Leave every picture out, then reproduce the rest of the listing exactly.

**Dataset section:**

***

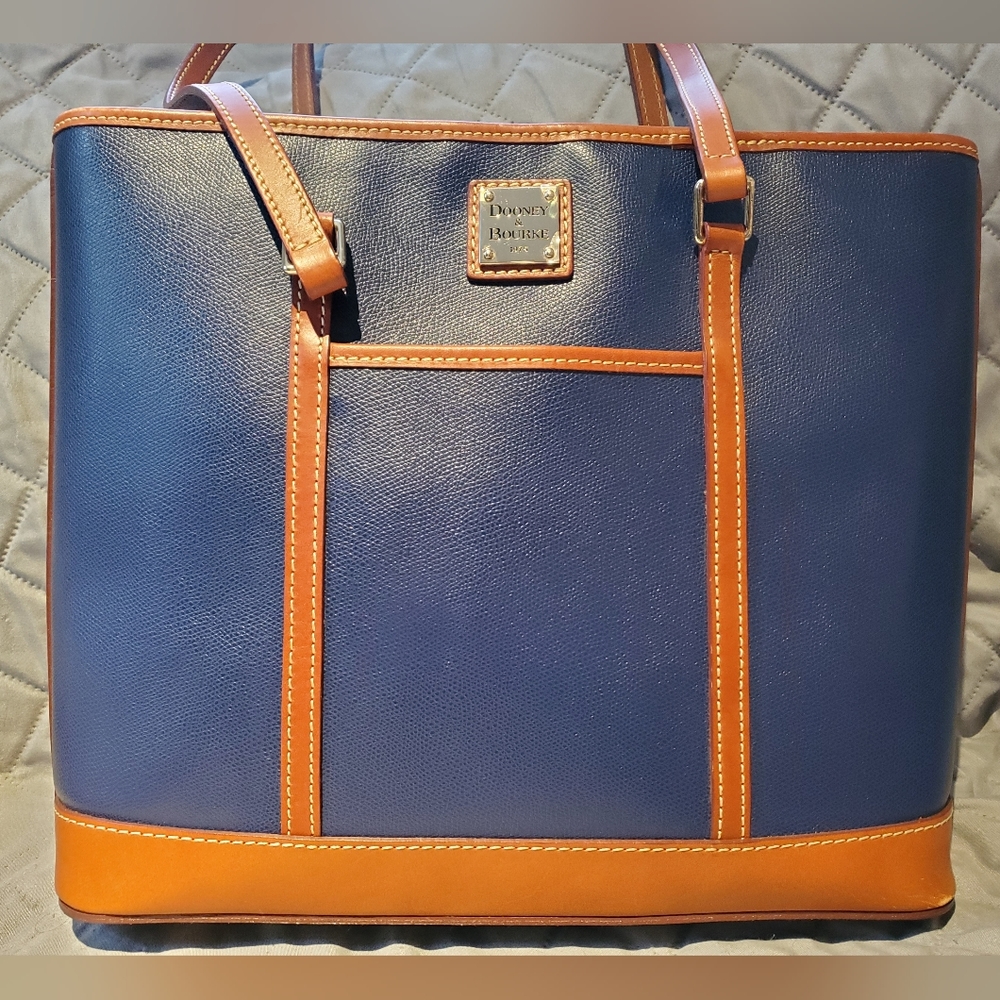 Dooney & Bourke Vintage Tote Bag Navy Blue With Brown Accents Pebble Grain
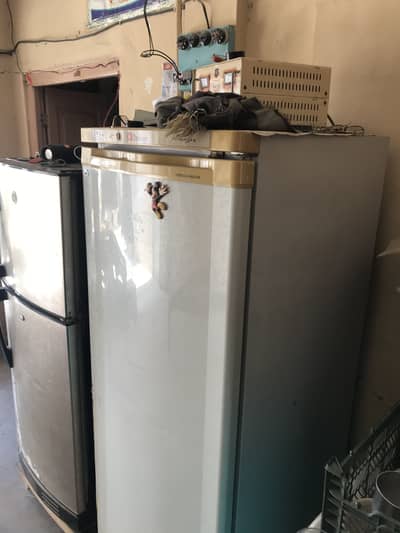 Vertical freezer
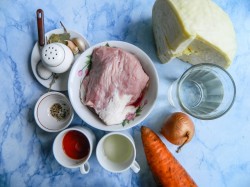 название картинки Вкусная солянка из свежей капусты на сковороде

***

**Task result:**
 Dooney & Bourke Vintage Tote Bag Navy Blue With Brown Accents Pebble Grain
 Vertical freezer
 название картинки Вкусная солянка из свежей капусты на сковороде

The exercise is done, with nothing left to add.